• **Work task**: Exactly reproduce the lines of the listing below from the one containing "Artoid Mode Sky" through the one containing "Warmhm 2pcs Bee". Skip the images.

[[ Source material, beginning ]]

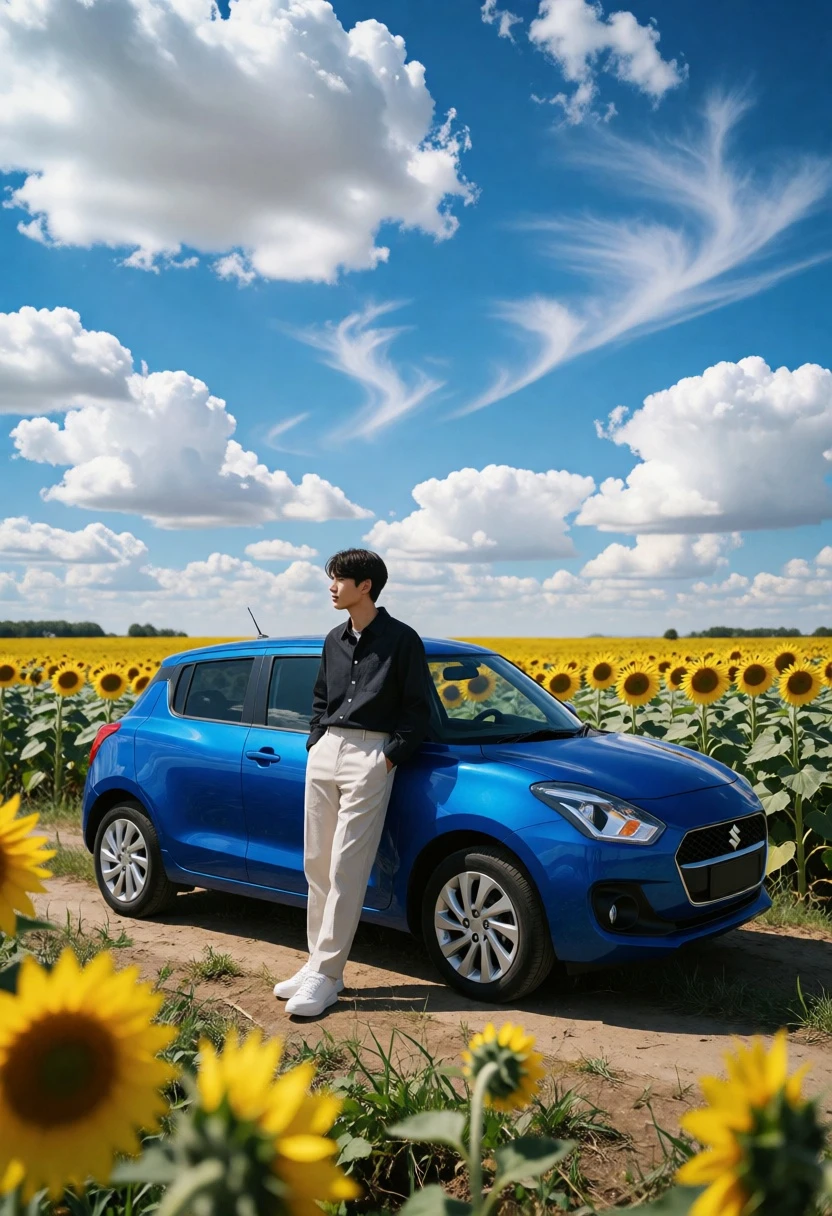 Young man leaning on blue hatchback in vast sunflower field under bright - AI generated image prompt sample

[[ Source material, end ]]
[[ Source material, beginning ]]

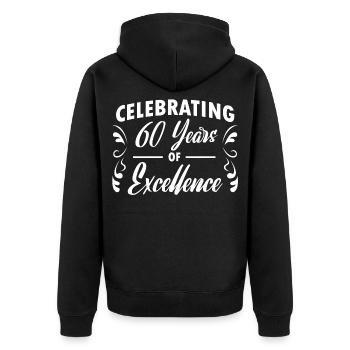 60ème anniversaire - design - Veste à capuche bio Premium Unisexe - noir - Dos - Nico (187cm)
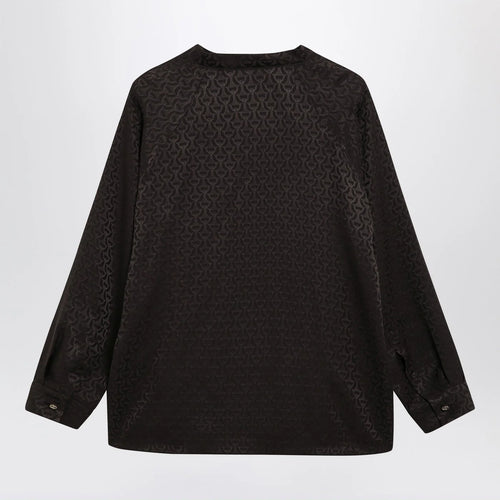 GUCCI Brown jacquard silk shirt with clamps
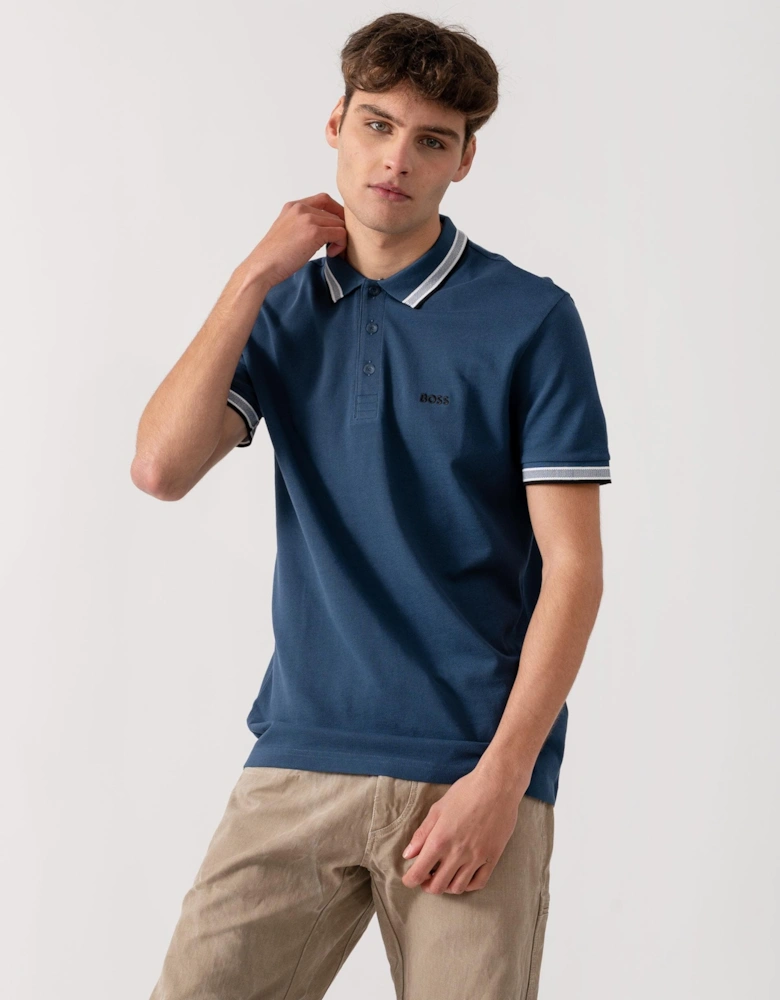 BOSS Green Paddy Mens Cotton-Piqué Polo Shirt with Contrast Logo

[[ Source material, end ]]
[[ Source material, beginning ]]

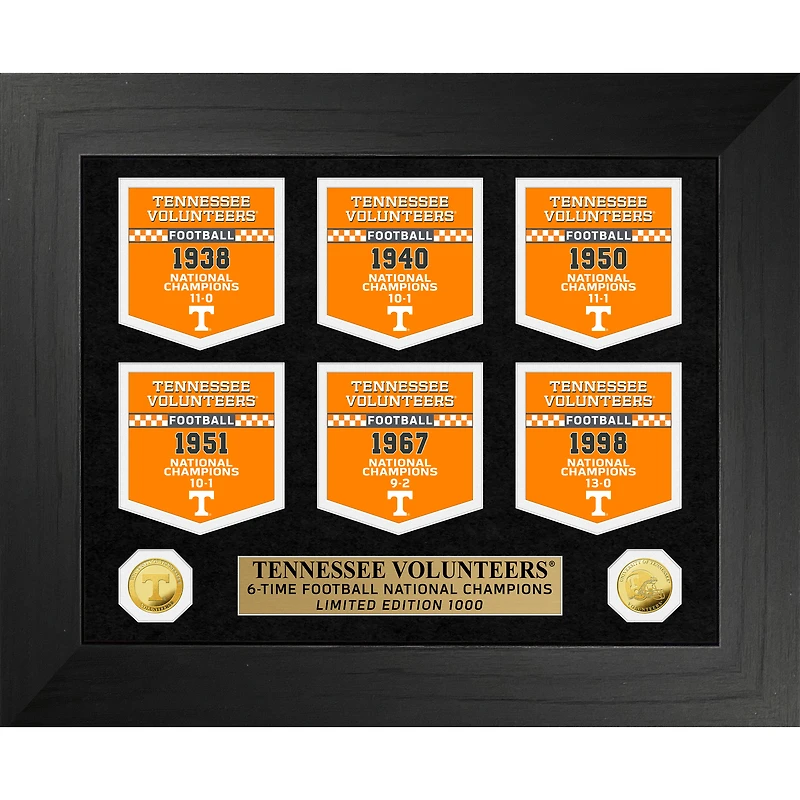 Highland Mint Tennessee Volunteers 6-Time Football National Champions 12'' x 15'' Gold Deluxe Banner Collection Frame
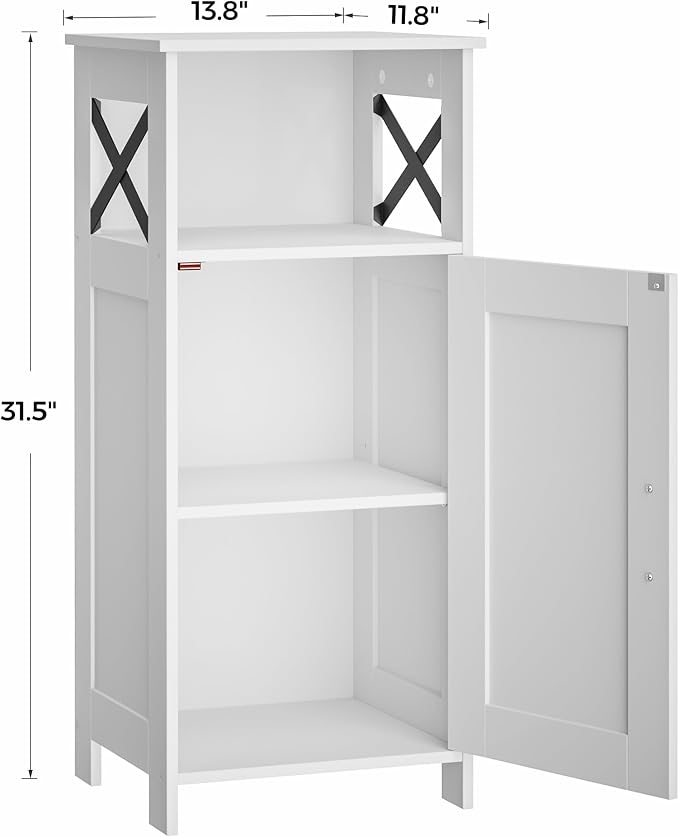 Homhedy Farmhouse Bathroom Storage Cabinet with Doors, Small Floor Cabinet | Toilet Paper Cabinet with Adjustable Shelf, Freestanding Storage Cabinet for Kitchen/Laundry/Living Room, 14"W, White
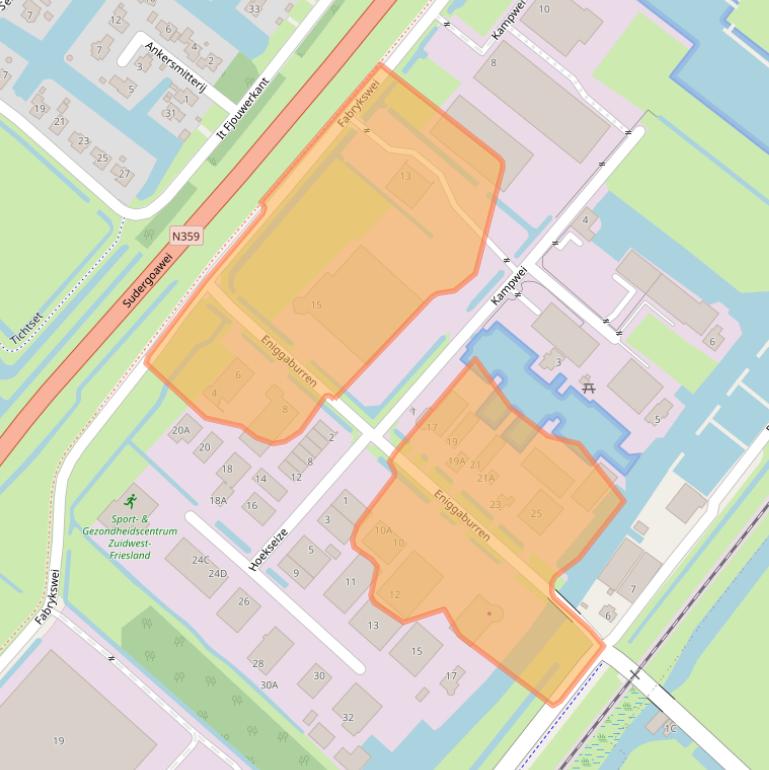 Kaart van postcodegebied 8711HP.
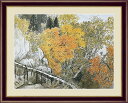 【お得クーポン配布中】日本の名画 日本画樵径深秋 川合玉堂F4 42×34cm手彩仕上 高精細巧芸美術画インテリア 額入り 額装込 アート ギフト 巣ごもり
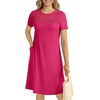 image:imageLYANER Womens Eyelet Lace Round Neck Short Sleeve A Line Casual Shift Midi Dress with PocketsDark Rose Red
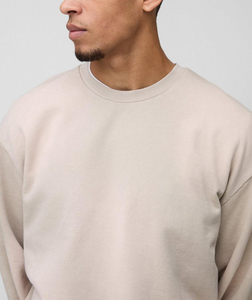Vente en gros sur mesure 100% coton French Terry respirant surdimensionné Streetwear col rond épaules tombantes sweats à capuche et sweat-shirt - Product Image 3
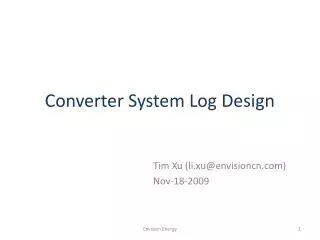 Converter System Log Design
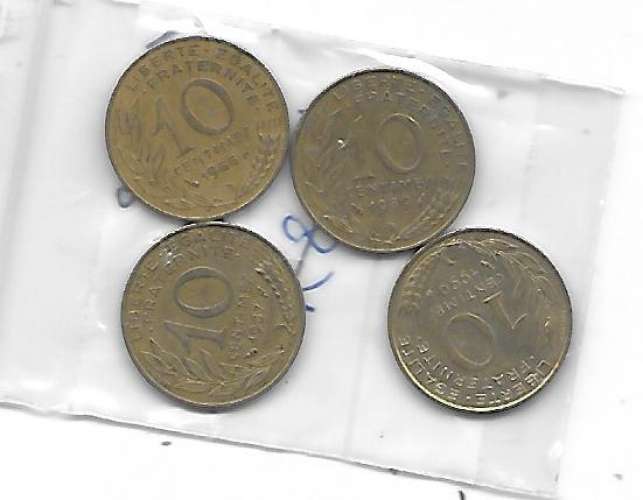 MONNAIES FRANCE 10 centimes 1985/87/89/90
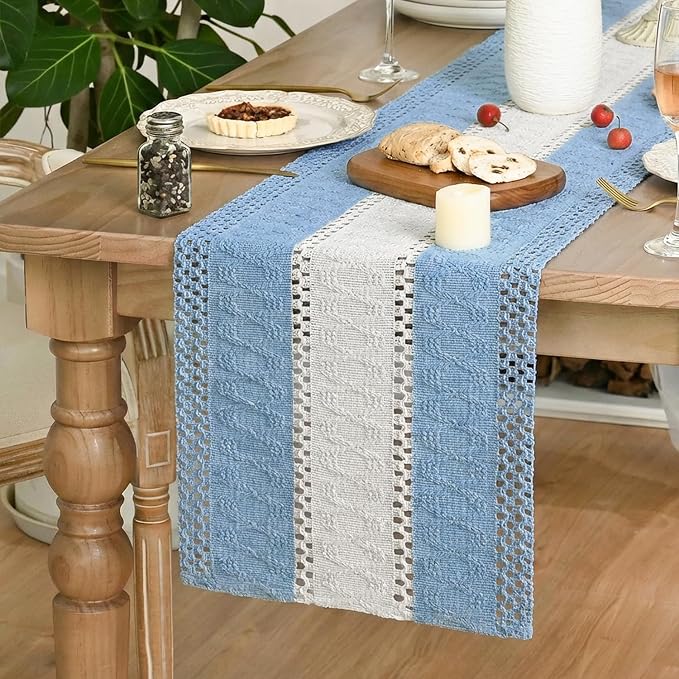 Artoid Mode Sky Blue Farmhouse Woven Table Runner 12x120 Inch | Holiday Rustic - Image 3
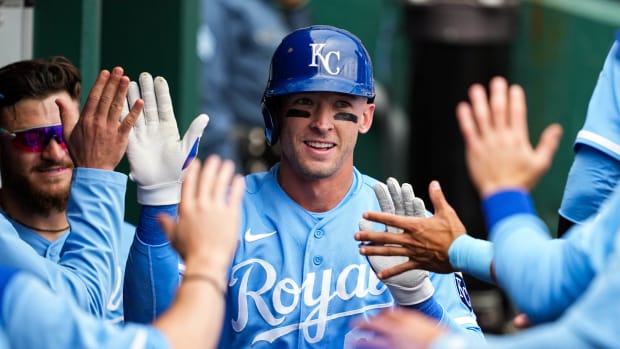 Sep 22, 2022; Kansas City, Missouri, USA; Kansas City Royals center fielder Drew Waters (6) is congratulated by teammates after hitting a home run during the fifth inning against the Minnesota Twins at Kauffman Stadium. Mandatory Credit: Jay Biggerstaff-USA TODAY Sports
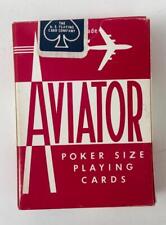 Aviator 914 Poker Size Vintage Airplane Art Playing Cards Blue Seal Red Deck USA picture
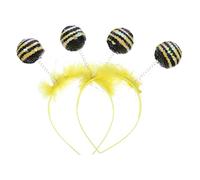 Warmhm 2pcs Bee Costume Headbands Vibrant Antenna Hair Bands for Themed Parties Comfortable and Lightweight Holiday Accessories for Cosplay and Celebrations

[[ Source material, end ]]

• **Exercise response**:
 Artoid Mode Sky Blue Farmhouse Woven Table Runner 12x120 Inch | Holiday Rustic - Image 3
 Sep 22, 2022; Kansas City, Missouri, USA; Kansas City Royals center fielder Drew Waters (6) is congratulated by teammates after hitting a home run during the fifth inning against the Minnesota Twins at Kauffman Stadium. Mandatory Credit: Jay Biggerstaff-USA TODAY Sports
 Aviator 914 Poker Size Vintage Airplane Art Playing Cards Blue Seal Red Deck USA picture
 Warmhm 2pcs Bee Costume Headbands Vibrant Antenna Hair Bands for Themed Parties Comfortable and Lightweight Holiday Accessories for Cosplay and Celebrations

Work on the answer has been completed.